### Crawled caption data:
....................
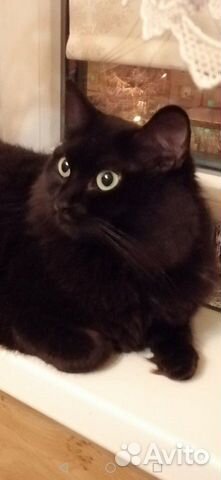 Кошка Маргоша Кошка Маргоша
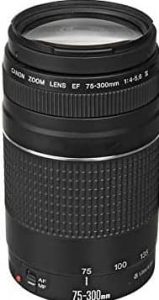
Canon EF 75-300mm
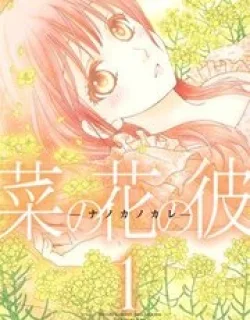 Nanohana no Kare
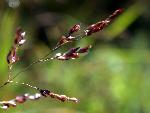 Switchgrass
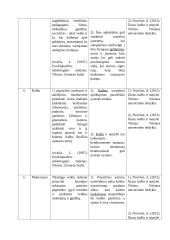 Dvikalbių vaikų mokymas lietuvių kalbos: terminų žodynas 2 puslapis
....................
### Requirement:
What you hand back should match the entries above exactly, except that no picture appears.

### Exercise answer:
 Кошка Маргоша Кошка Маргоша
Canon EF 75-300mm
 Nanohana no Kare
 Switchgrass
 Dvikalbių vaikų mokymas lietuvių kalbos: terminų žodynas 2 puslapis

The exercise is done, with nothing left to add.